So those who remember Ken Norton as so much more than 'the man who broke Ali's jaw' should bear in mind it is preferable to be defined by another man's greatness than to pit your wits against nobody of note and remain ill-defined for all time.

 

And while some have suggested it was Norton's bad luck to have fought in an age so rich in heavyweight talent, a more accurate portrayal of Norton is as a man shaped by the hands of many great men and therefore rendered great himself.

 

Norton, who died on Wednesday at the age of 70, was a central player in heavyweight boxing's greatest era.

 

Ali was undoubtedly the sun at its centre but Norton was one of the mightiest planets in the Ali solar system, a solar system in which the planets regularly collided and created fireworks for the masses.

 

Norton, a magnificent athletic specimen whom George Foreman called "the fairest of us all", rose to prominence with his defeat of Ali on 31 March, 1973.

 

It was only Ali's second defeat - Joe Frazier inflicted his first in 1971 - but it further strengthened his claim to greatness: Where once Ali had dazzled, now he had proved his bravery beyond doubt, fighting with a snapped jaw for 10 rounds.

 

"I took a nobody and created a monster and now I have to punish him bad," said Ali before the rematch six months later, dubbed 'The Battle of Broken Jaw'.

 

But Ali was never able to work out the Norton puzzle. Throwing his jab from down by his waist rather than his shoulder and employing an unconventional cross-arm defence, Norton managed to make Ali look anything but 'The Greatest', bravery aside.

 

Indeed, Norton could have beaten Ali three times.
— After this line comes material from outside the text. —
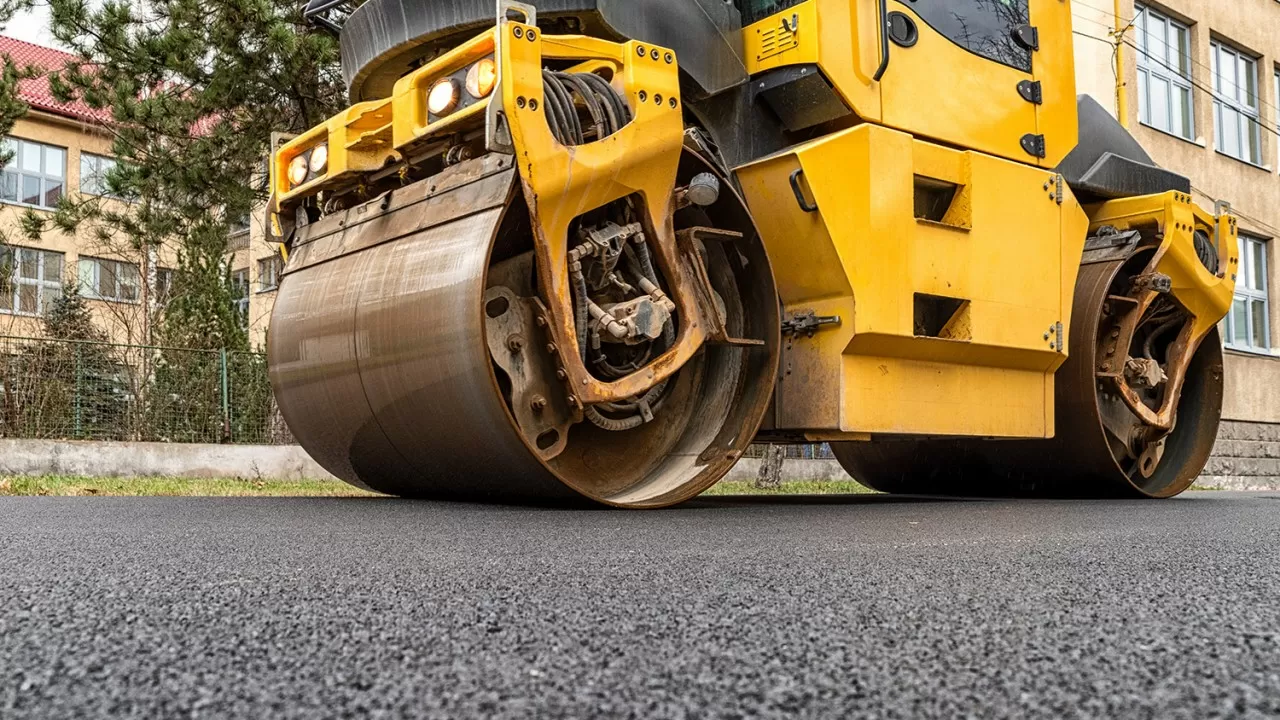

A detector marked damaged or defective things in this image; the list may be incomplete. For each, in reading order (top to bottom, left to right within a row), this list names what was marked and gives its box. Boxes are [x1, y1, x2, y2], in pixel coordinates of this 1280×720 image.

rusty machinery part [268, 150, 780, 506]
rusty machinery part [836, 250, 1224, 498]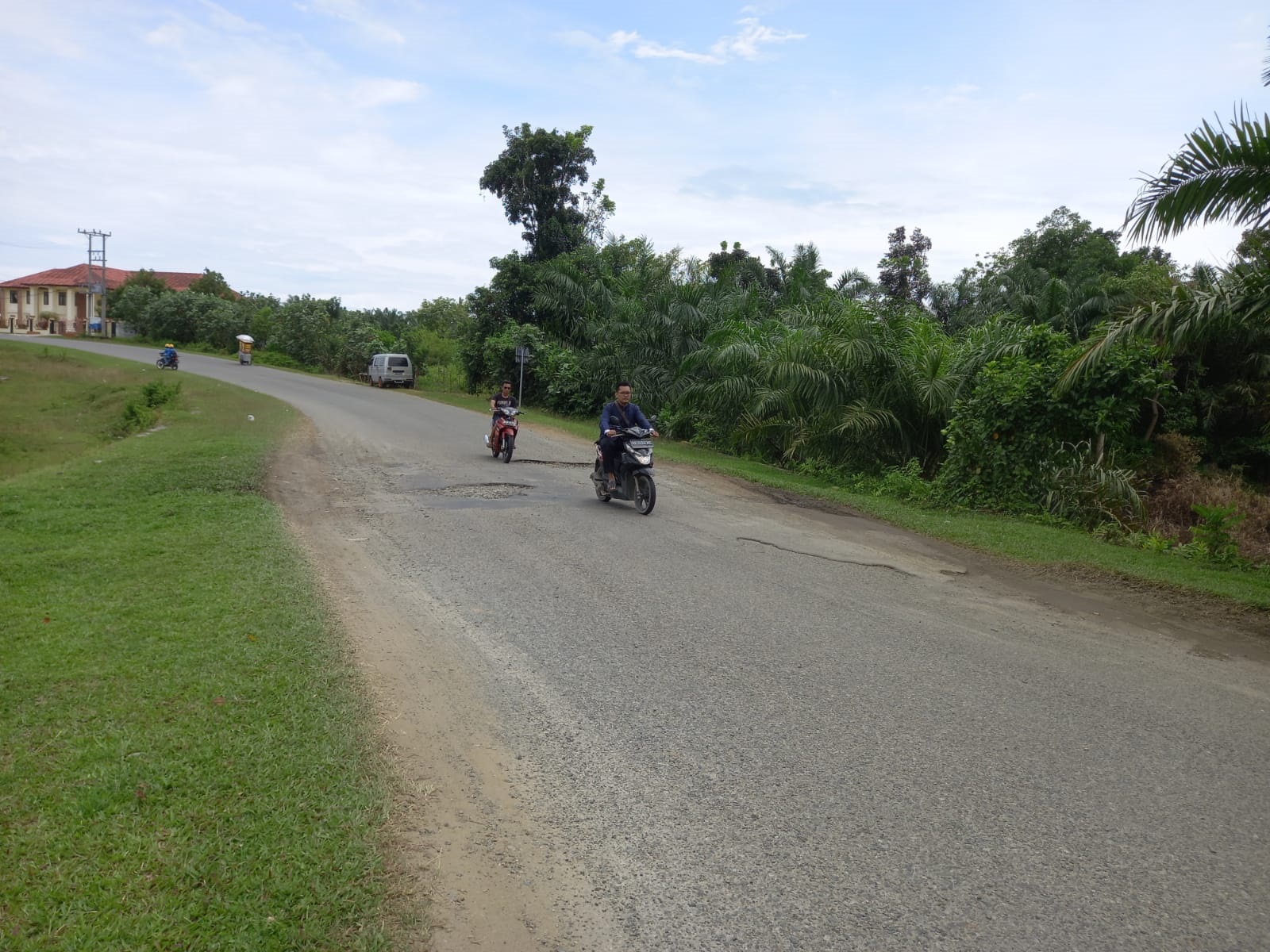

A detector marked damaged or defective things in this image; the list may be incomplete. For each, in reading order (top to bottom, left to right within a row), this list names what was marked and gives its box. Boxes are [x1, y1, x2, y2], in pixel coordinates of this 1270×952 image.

Instead, he lost the return on a split decision and was desperately unlucky to lose the rubber in September 1976, a fight most people watching thought he had won.

 

Norton was knocked out by Foreman in 1974 but stopped perennial contender Jerry Quarry in 1975 before narrowly outpointing Jimmy Young in an eliminator for the WBC title in 1977.

 

At which point boxing politics conspired against him.

 

Rather than defend against Norton, undisputed heavyweight champion Leon Spinks gave Ali a rematch instead and relinquished the WBC belt.

 

Therefore, Norton, born in the American city of Jacksonville, became the first man to win a heavyweight title outside the ropes when he probably would have beaten Spinks comfortably between them.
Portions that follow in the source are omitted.